→ Aim of the exercise: Your copy runs from the line containing "Lambdasonde Blue Print" through the last line of the listing, both included. Restate those lines word for word and leave out pictures.

→ Information supplied:
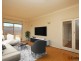 6/25 Lyons Street, Strathfield NSW 2135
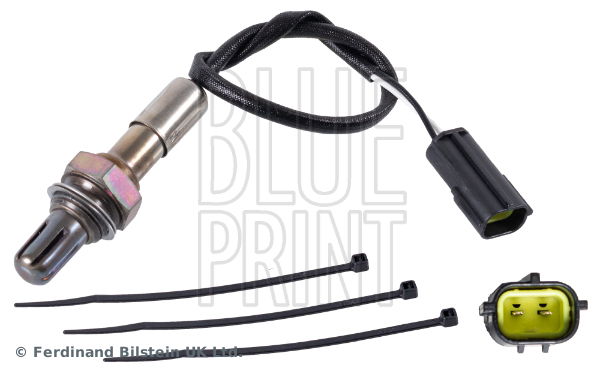 Lambdasonde Blue Print ADG07002 von Blue Print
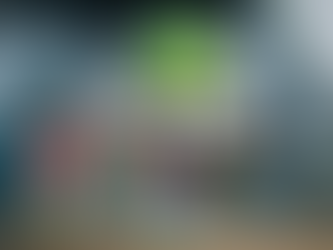 Otra experiencia para los fans de Rick y Morty con la última escena de #Wormageddon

→ Answer box:
 Lambdasonde Blue Print ADG07002 von Blue Print
 Otra experiencia para los fans de Rick y Morty con la última escena de #Wormageddon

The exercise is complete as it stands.